--- DATA BELOW Enclosed Below ---

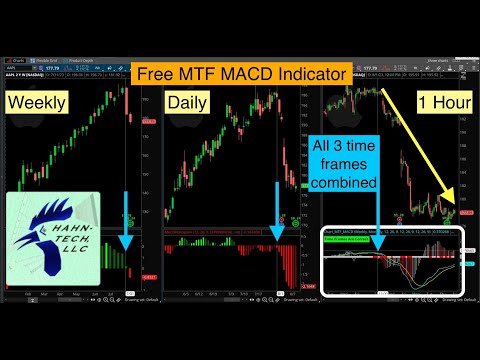 Thinkorswim fx options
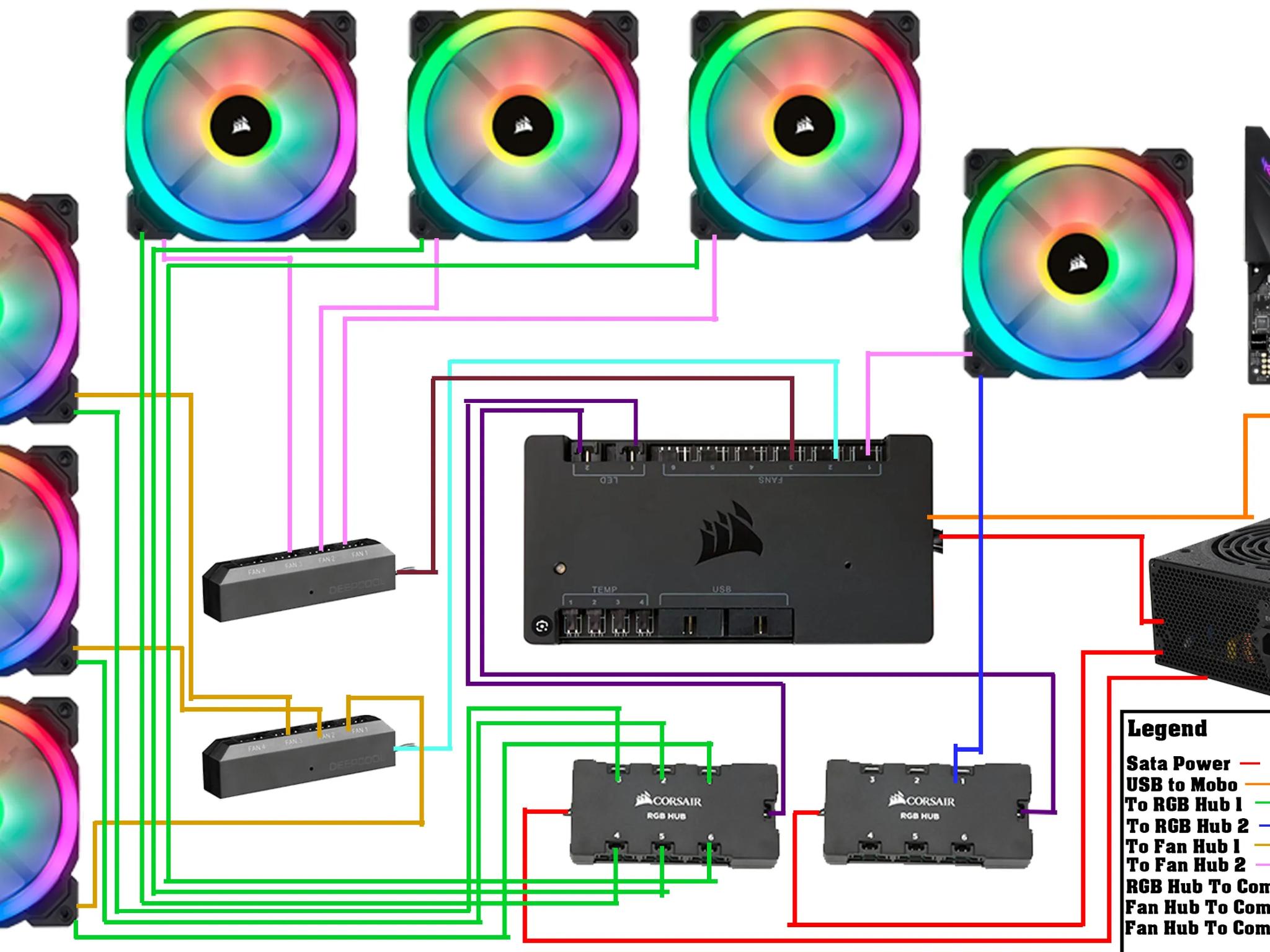 PC HARDWARE BUNDLE - OPEN TO OFFERS: 7 LL120 Corsair fans, EVGA 80G 850W PSU, ASUS ROG 240mm AIO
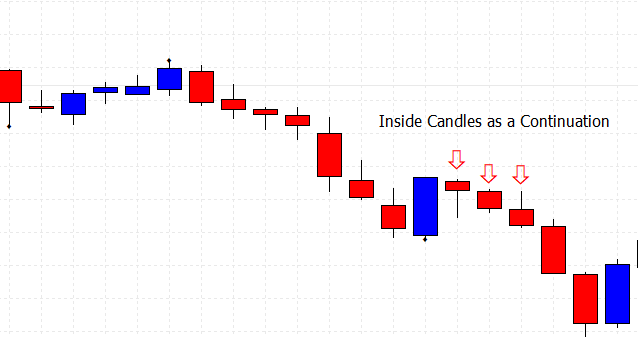 nside candles as a continuation on a price chart
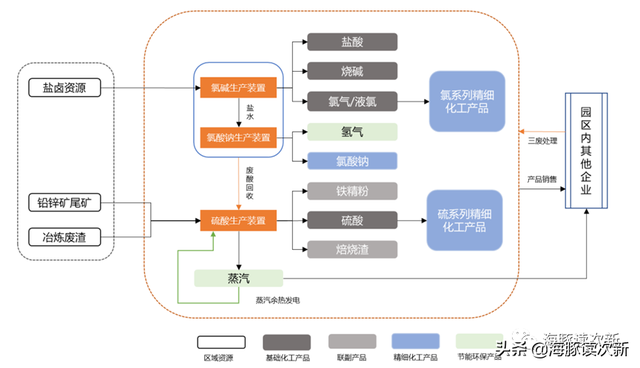 这只化工新股受益于涨价逻辑，还叠加碳中和、锂电、半导体等概念-2.jpg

--- End of Enclosed DATA BELOW ---

*TASK INSTRUCTIONS*
Omit the pictures, then give all the lines above again exactly.

*RESULT OF THIS TASK*
 Thinkorswim fx options
 PC HARDWARE BUNDLE - OPEN TO OFFERS: 7 LL120 Corsair fans, EVGA 80G 850W PSU, ASUS ROG 240mm AIO
 nside candles as a continuation on a price chart
 这只化工新股受益于涨价逻辑，还叠加碳中和、锂电、半导体等概念-2.jpg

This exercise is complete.